*** Given records ***

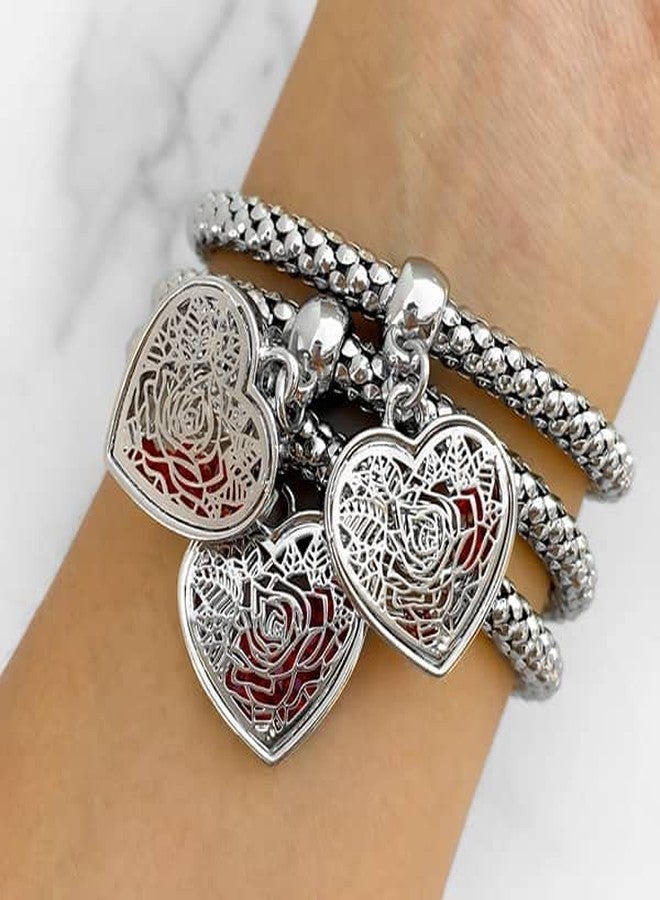 SILANER Crystal Charms Multilayer Bracelets - 3PCS Gold/Silver/Rose Gold Corn Chain Bracelet for Women, Tree of Life Heart Shaped Stretch Bracelet, 7.5 inches, Copper, crystal - Image 3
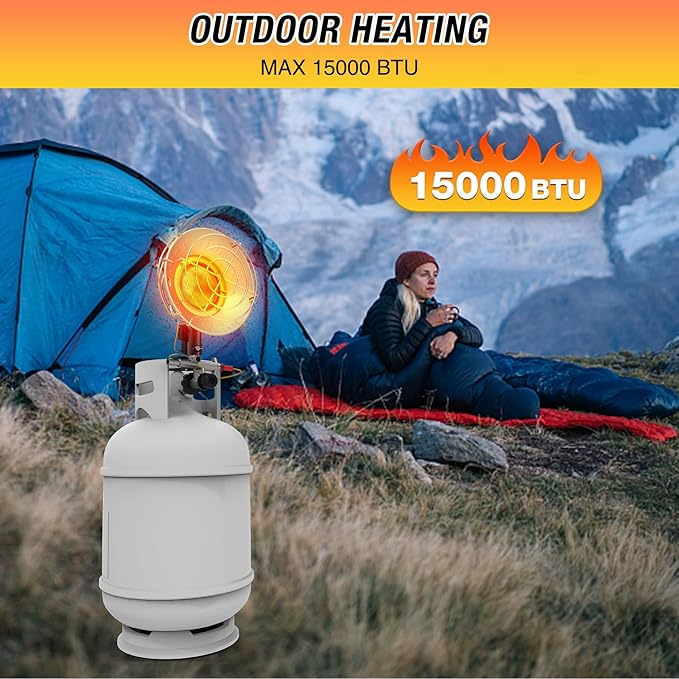 Single Tank Top Propane Heater, 15,000 BTU Portable Radiant with Adjustable Heat Modes, Tip-Over Safety & Shut-Off Valve, Durable Outdoor Heater for Patio, Camping, Garage, RV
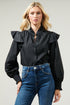 Malbec Ruffle Button Front Poplin Blouse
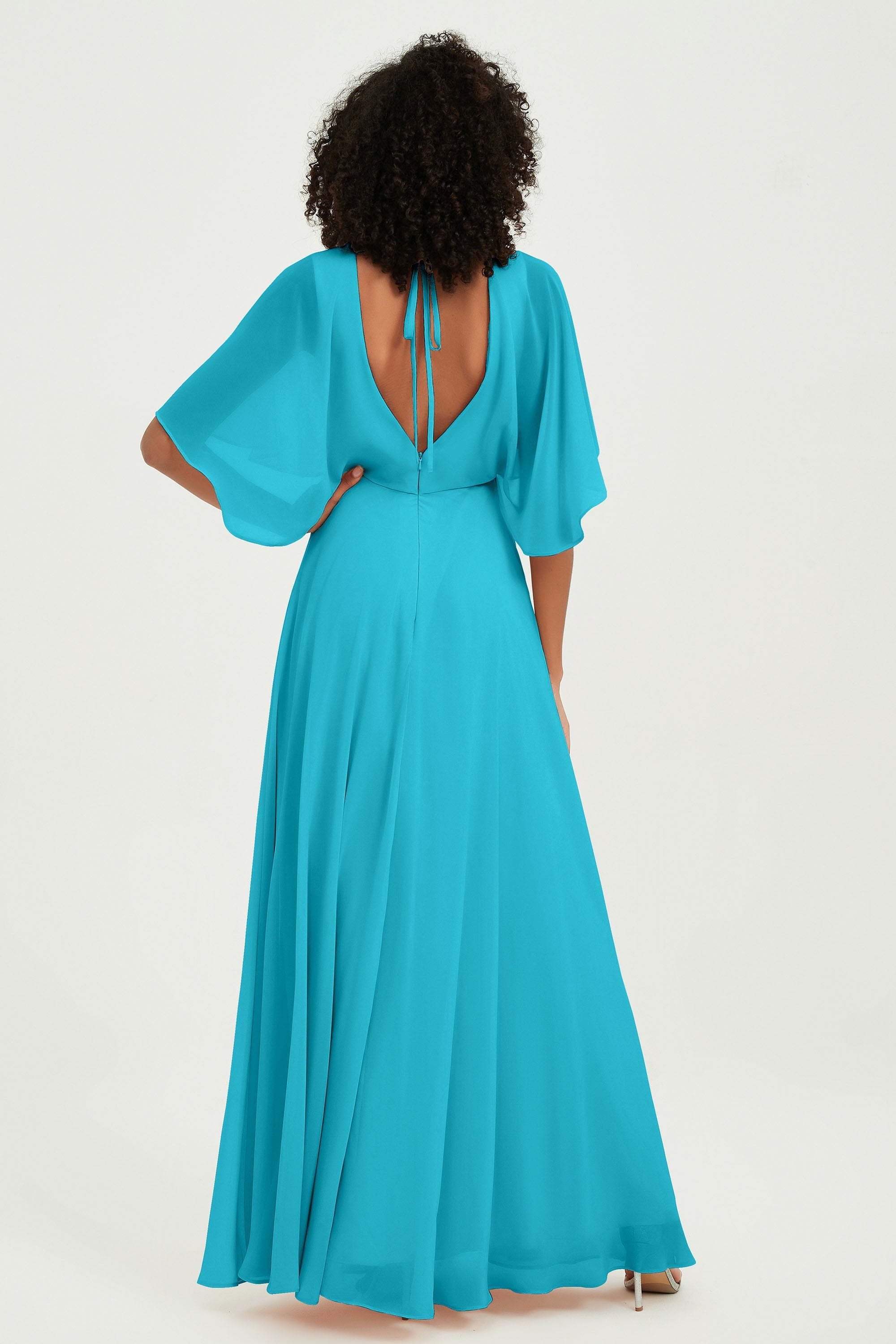 Flutter Sleeves Jewel Chiffon Bridesmaid Dress Floor Length Formal Evening Dresses Gowns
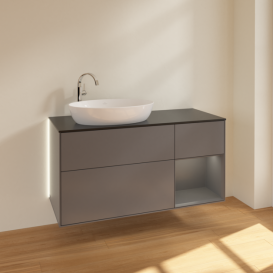 Тумба под раковину Villeroy & Boch Finion 120х50,1 см с подсветкой МДФ антрацит матовый лак/стекло черное матовое G932GKGK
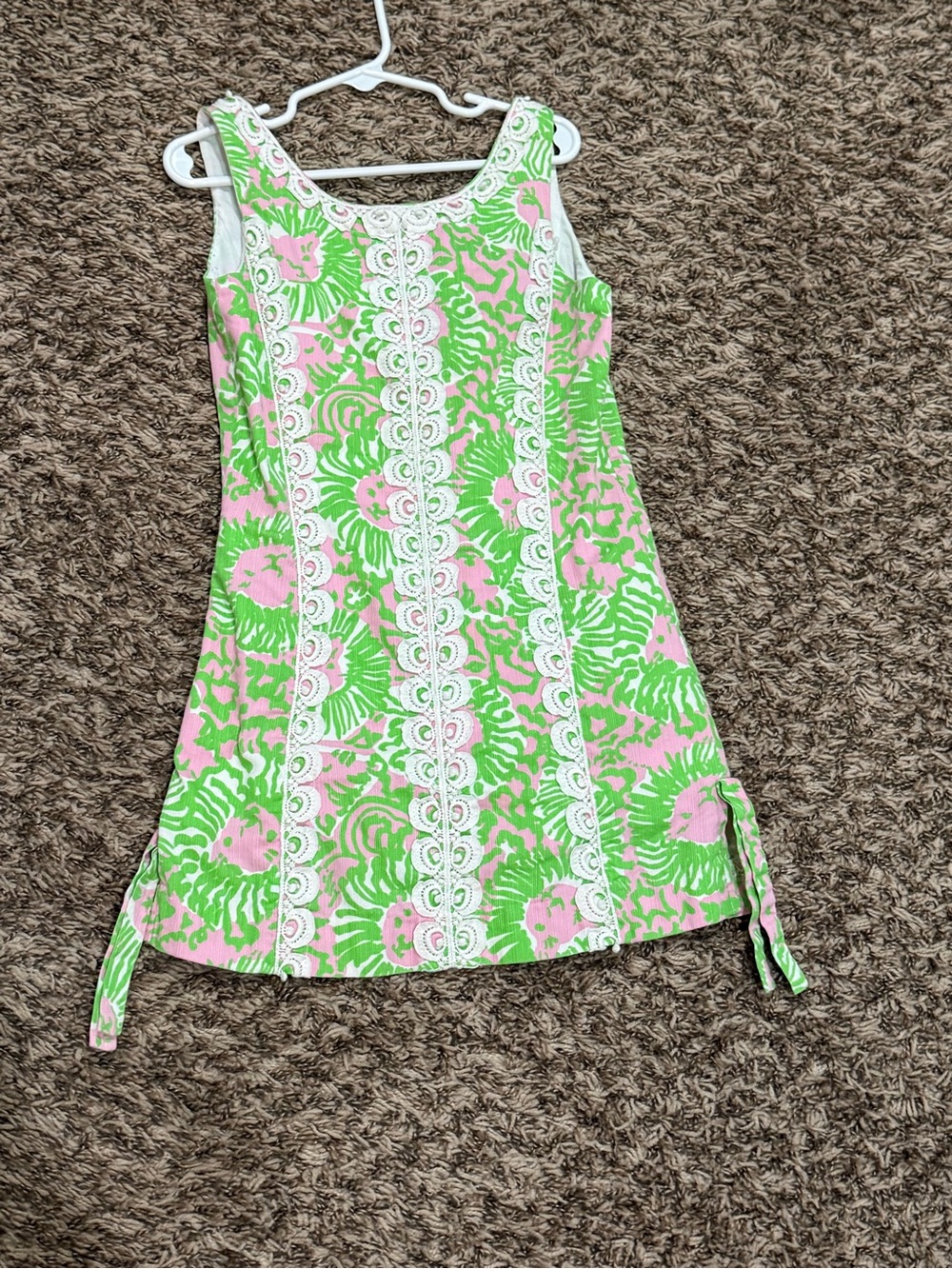 Sleeveless Pink & Lime Floral Shift Dress with Lace Trim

*** End of Given records ***

Assigned task:
Repeat exactly the line containing "Single Tank Top" and every line after it through the end of the records, and nothing else. Leave the pictures out.

Answer area:
 Single Tank Top Propane Heater, 15,000 BTU Portable Radiant with Adjustable Heat Modes, Tip-Over Safety & Shut-Off Valve, Durable Outdoor Heater for Patio, Camping, Garage, RV
 Malbec Ruffle Button Front Poplin Blouse
 Flutter Sleeves Jewel Chiffon Bridesmaid Dress Floor Length Formal Evening Dresses Gowns
 Тумба под раковину Villeroy & Boch Finion 120х50,1 см с подсветкой МДФ антрацит матовый лак/стекло черное матовое G932GKGK
 Sleeveless Pink & Lime Floral Shift Dress with Lace Trim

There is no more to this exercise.